**Required work:**
The reply is to be the lines from the one with "Shanrya Mini PC, 4K" through the last line of the records below, each retyped exactly, with pictures left out.
═════ Material supplied
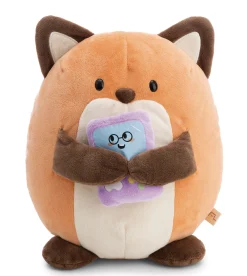 Soft toy mymochi Fox Geeks 27cm with video game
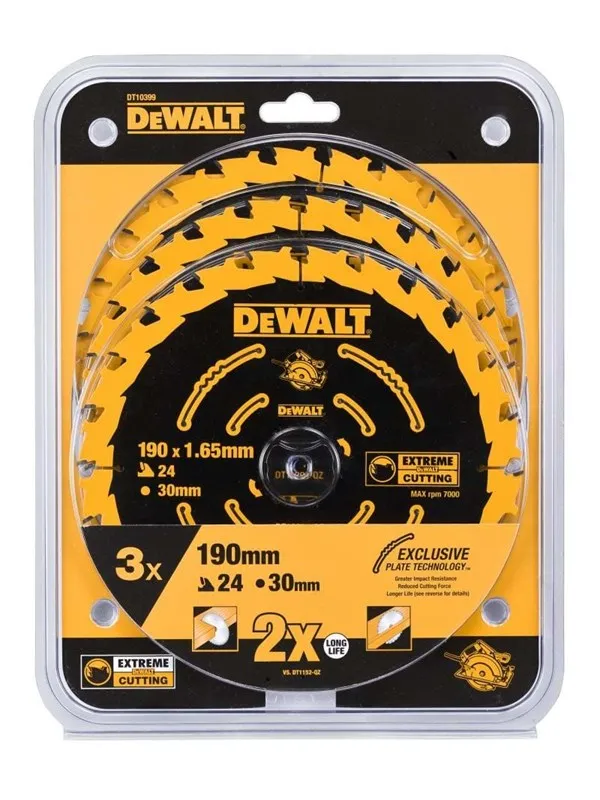 Dewalt Extreme Circular Saw Blade - 3 Piece Set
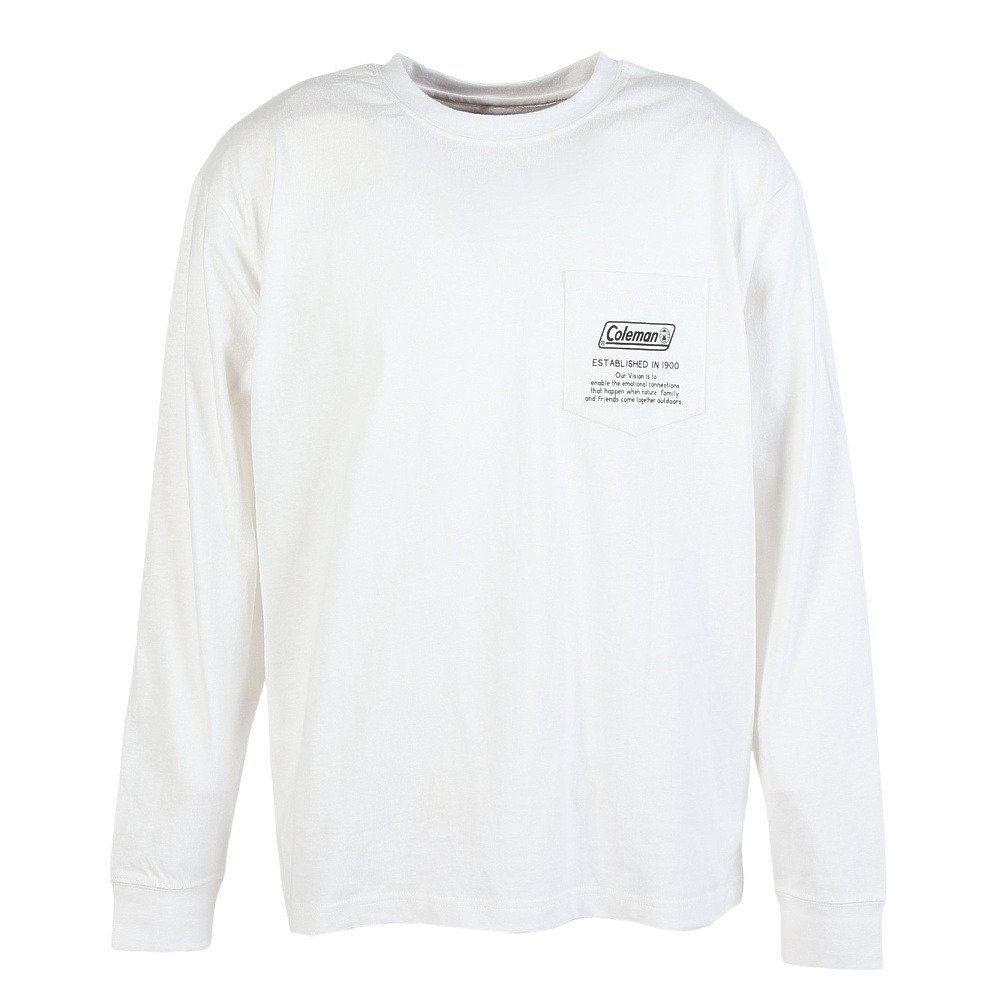 コールマン（Coleman）（メンズ）長袖 天竺バックプリントTシャツ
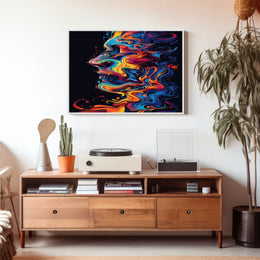 Vibrant Abstract Portrait Abstract Poster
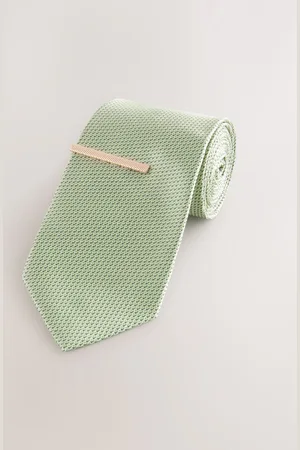 Next Textured Tie with Tie Cliponesize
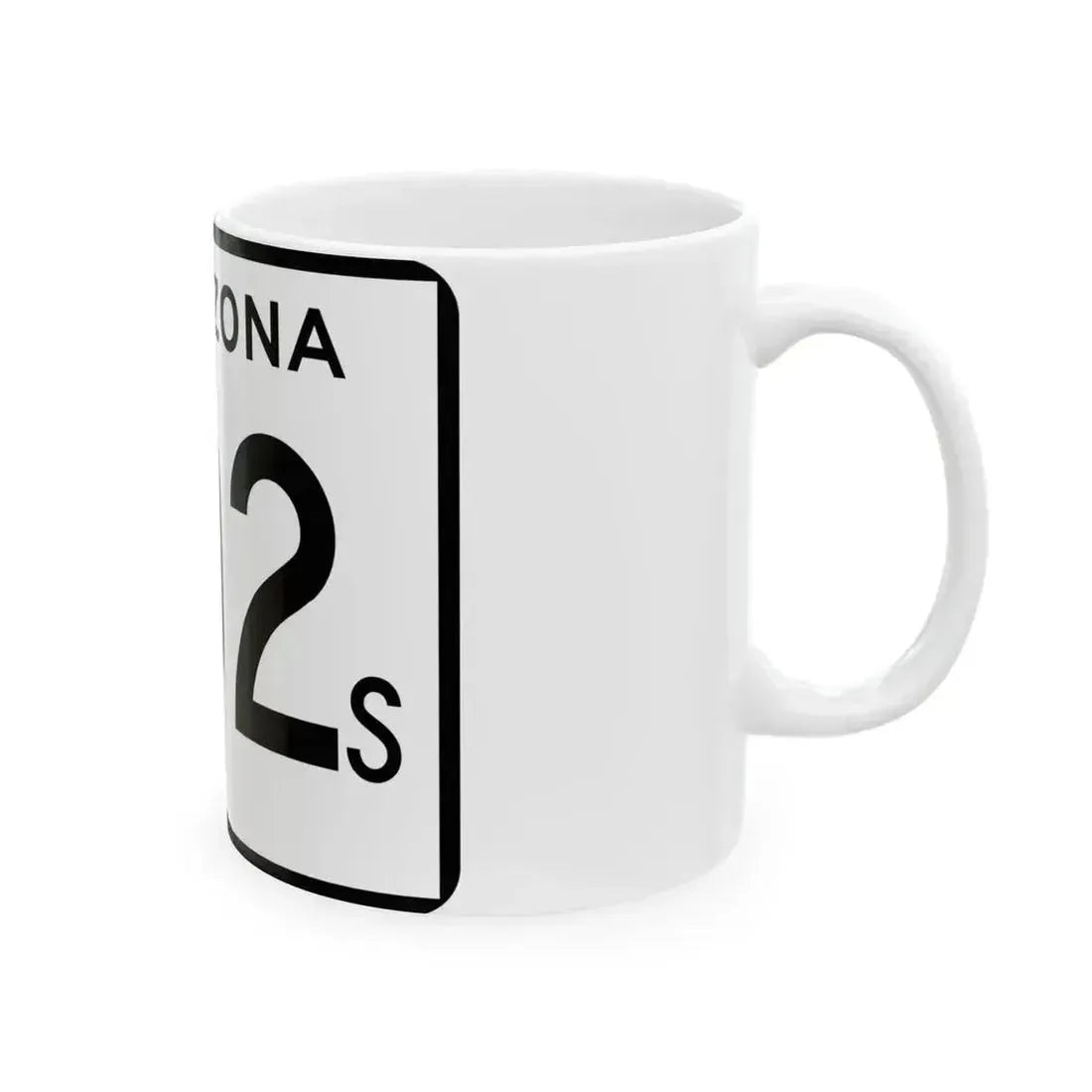 Arizona 202S (Arizona) (Road Sign) White Coffee Mug - Go Mug Yourself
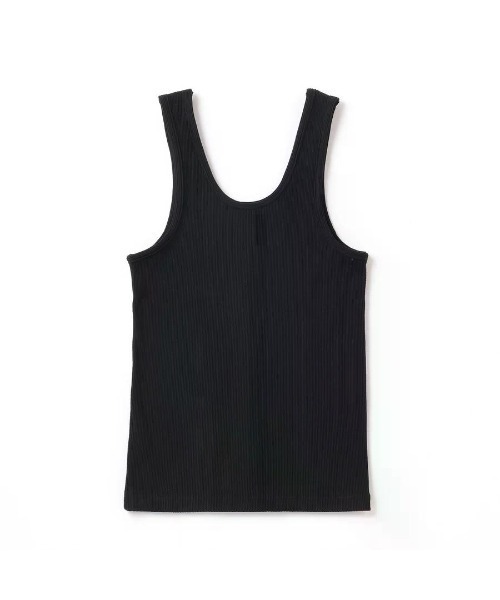 Beyond Basics(ビヨンド ベーシックス)の「GOAT / RIB TANK TOP(タンクトップ・レディース・ブラック/オリーブ/アイボリー/ブラウン/オートミール・S/M)」の6枚目の写真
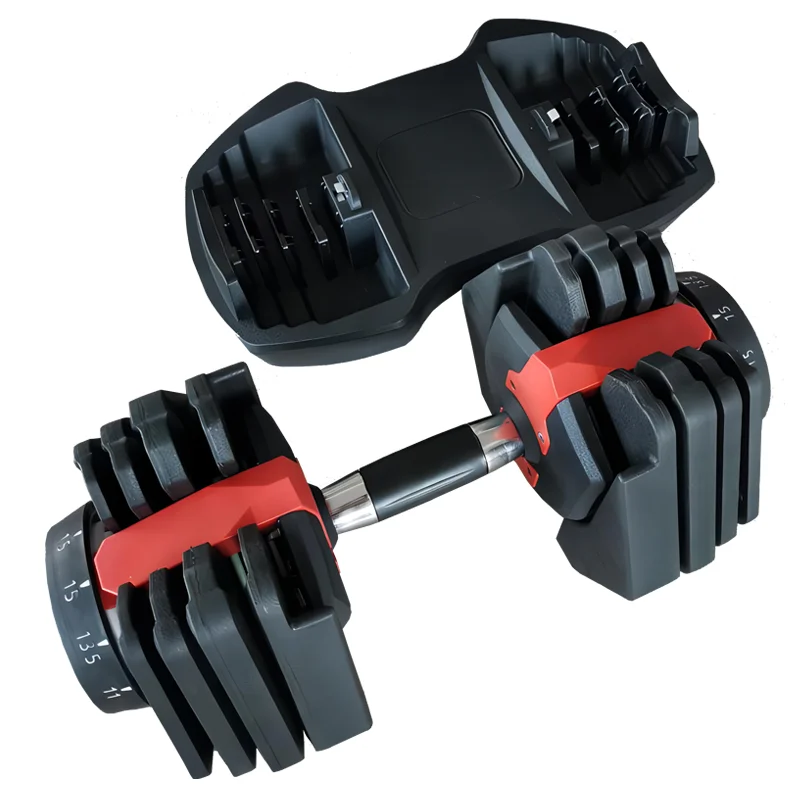 Home Fitness Equipment Dumbbell Hot Selling 15kg Adjustable Dumbbell With Low MOQ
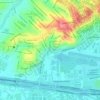 Mappa topografica Praça General Fernando Valente Pamplona, altitudine, rilievo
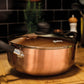 Cacerola Aluminio 24 cm c/ Antiadherente Ceramico Cobre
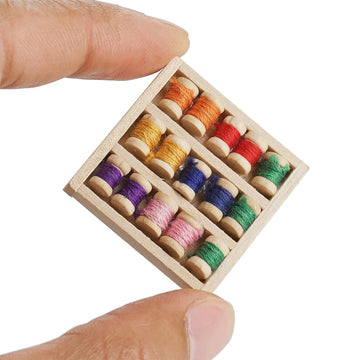 Odoria 1/12 Miniature Spool of Thread Kit Dollhouse Decoration Accessories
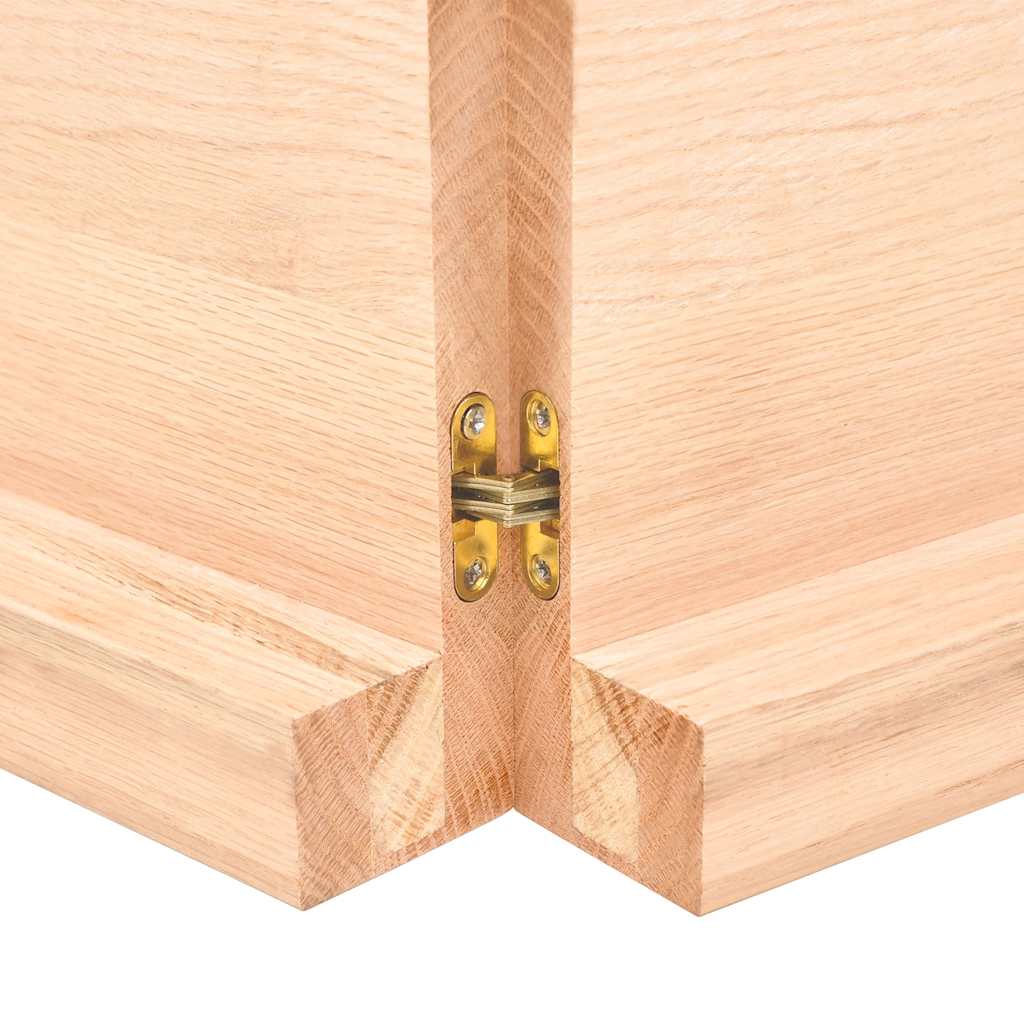 Bathroom Countertop 140x50x(2-6) cm Untreated Solid Wood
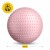 М'яч для фітнесу (фітбол) 4FIZJO 65 см масажний Anti-Burst Pink (P-5905973400220)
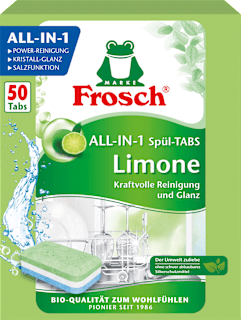 Spülmaschinen-Tabs Limone All-in-1 Frosch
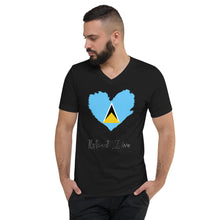 Load image into Gallery viewer, St. Lucia Island Love Unisex Short Sleeve V-Neck T-Shirt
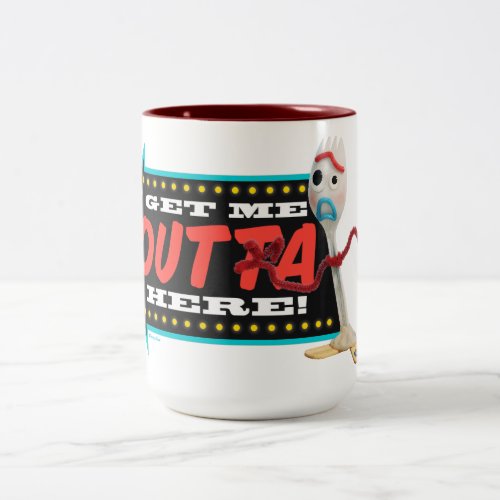 Toy Story 4  Forky Get Me Outta Here Two_Tone Coffee Mug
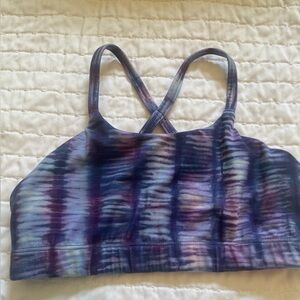 Athleta Girl Upbeat Purple and Blue Sports Bra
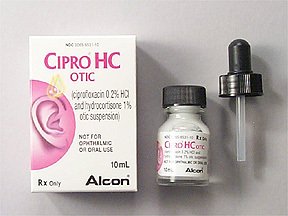 Image 0 of Cipro Hc 0.2-1% Drops 10 Ml By Alcon Labs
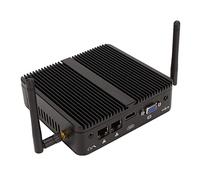 Shanrya Mini PC, 4K 60Hz Interfacce Multiple Mini Computer 2.4G 5.0G WiFi per Ιntel Celeron J4125 per Desktop (Spina Europea)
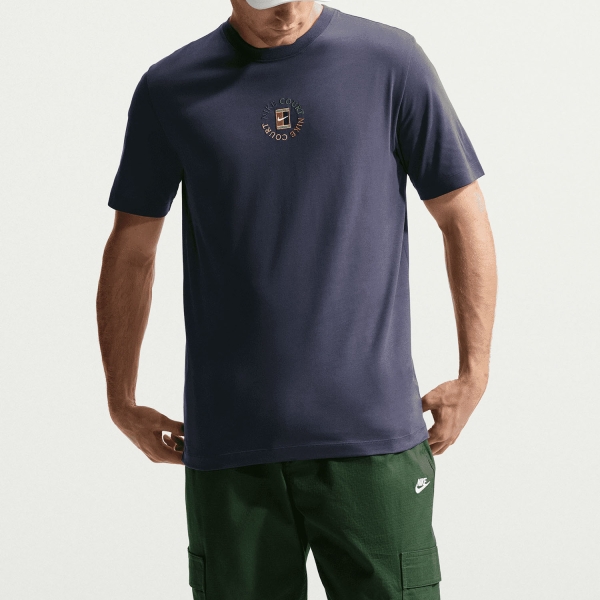 Camisetas de Tenis Hombre Nike Court DriFIT Heritage Camiseta  Gridiron IM6128013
══════════
**Written response:**
 Shanrya Mini PC, 4K 60Hz Interfacce Multiple Mini Computer 2.4G 5.0G WiFi per Ιntel Celeron J4125 per Desktop (Spina Europea)
 Camisetas de Tenis Hombre Nike Court DriFIT Heritage Camiseta  Gridiron IM6128013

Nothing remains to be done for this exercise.